Recorded information section start

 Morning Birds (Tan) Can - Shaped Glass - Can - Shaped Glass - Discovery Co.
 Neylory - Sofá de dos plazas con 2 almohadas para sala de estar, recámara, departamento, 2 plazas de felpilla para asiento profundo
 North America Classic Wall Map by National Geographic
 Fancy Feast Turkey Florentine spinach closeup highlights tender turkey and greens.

Recorded information section end
Recorded information section start

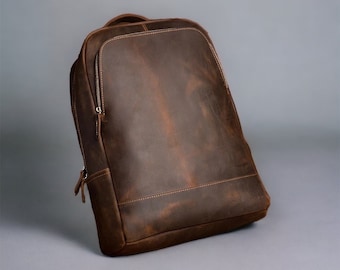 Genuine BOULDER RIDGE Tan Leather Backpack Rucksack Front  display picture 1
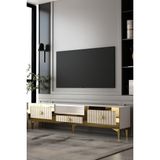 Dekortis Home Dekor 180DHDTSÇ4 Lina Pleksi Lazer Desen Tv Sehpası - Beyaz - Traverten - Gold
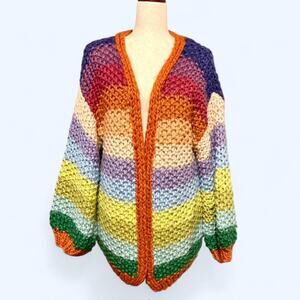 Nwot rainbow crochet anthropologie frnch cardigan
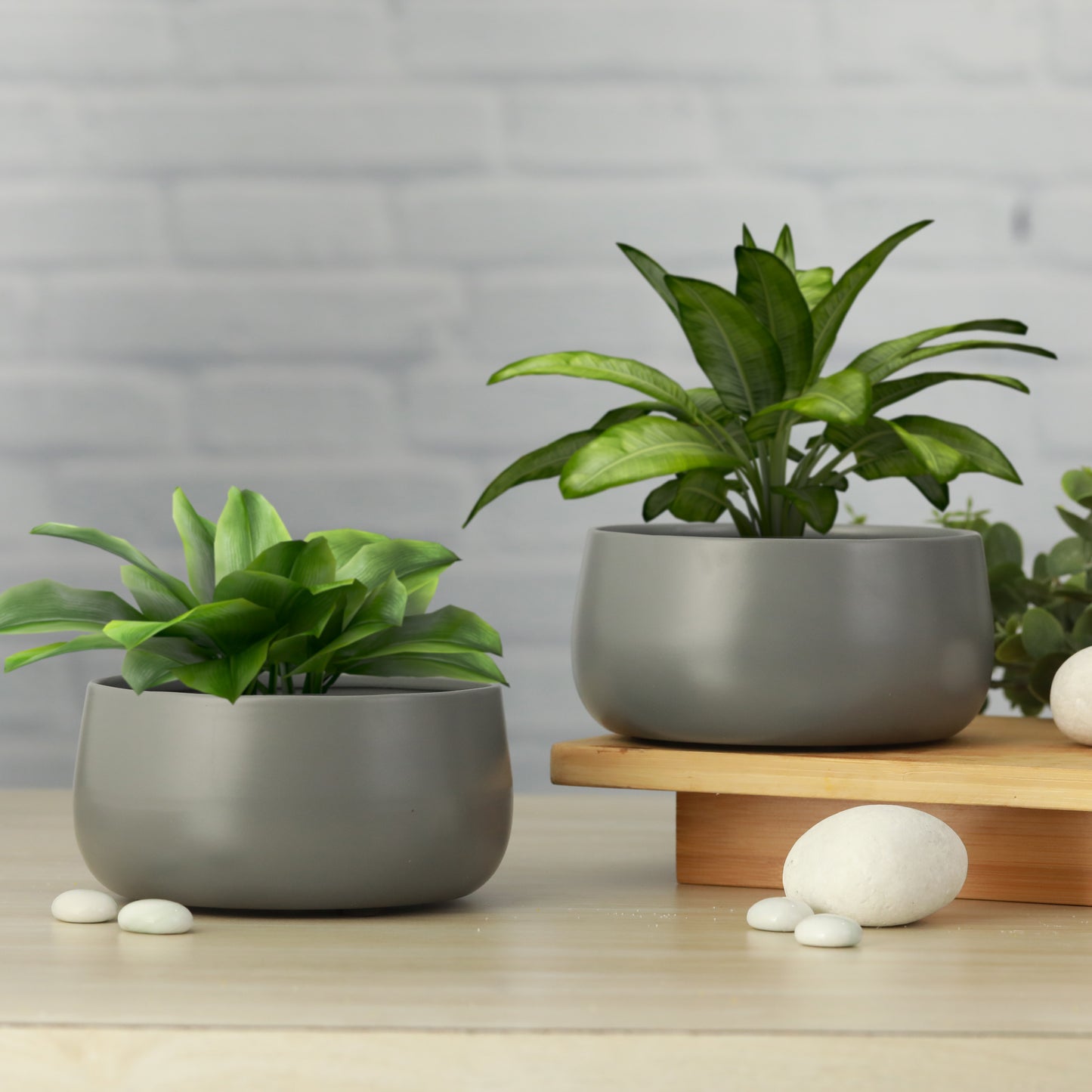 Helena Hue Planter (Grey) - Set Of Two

Recorded information section end
Recorded information section start

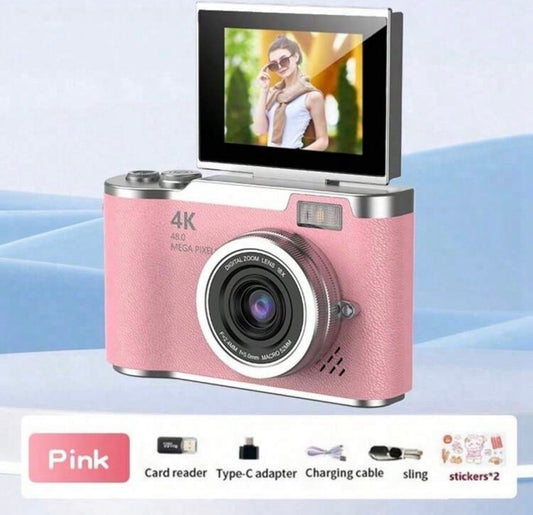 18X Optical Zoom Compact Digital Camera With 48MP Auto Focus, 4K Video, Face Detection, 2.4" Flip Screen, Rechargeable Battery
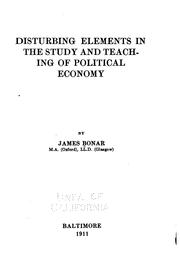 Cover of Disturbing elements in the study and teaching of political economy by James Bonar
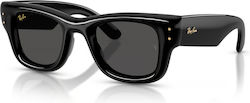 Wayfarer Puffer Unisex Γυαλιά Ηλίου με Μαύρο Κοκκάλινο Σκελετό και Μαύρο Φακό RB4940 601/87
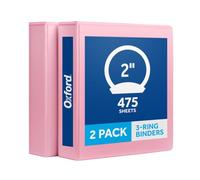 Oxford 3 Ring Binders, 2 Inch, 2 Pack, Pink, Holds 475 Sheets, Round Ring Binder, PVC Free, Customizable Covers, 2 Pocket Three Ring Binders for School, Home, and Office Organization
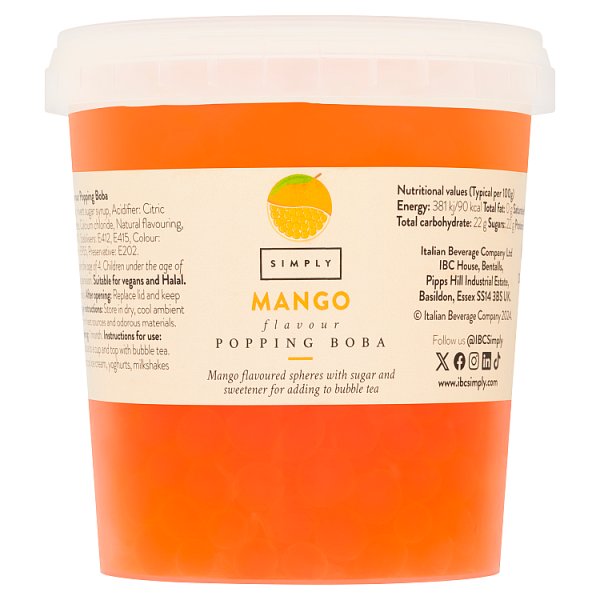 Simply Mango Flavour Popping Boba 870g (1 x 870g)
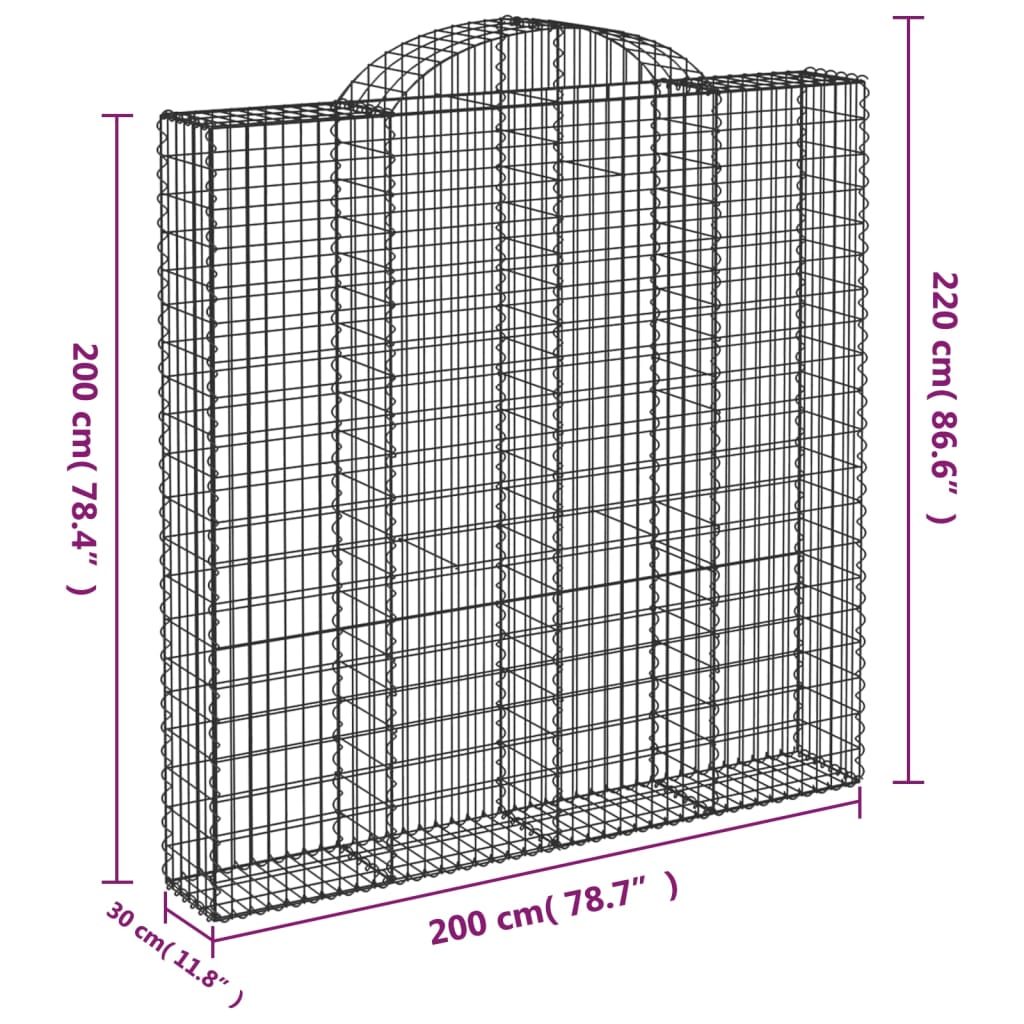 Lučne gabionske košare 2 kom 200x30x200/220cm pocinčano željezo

Recorded information section end

## What you are asked to do
Give back, exactly and without pictures, the stretch of the records above from the line containing "Oxford 3 Ring" through the line containing "Lučne gabionske košare", with both end lines included.

## Result below
 Oxford 3 Ring Binders, 2 Inch, 2 Pack, Pink, Holds 475 Sheets, Round Ring Binder, PVC Free, Customizable Covers, 2 Pocket Three Ring Binders for School, Home, and Office Organization
 Simply Mango Flavour Popping Boba 870g (1 x 870g)
 Lučne gabionske košare 2 kom 200x30x200/220cm pocinčano željezo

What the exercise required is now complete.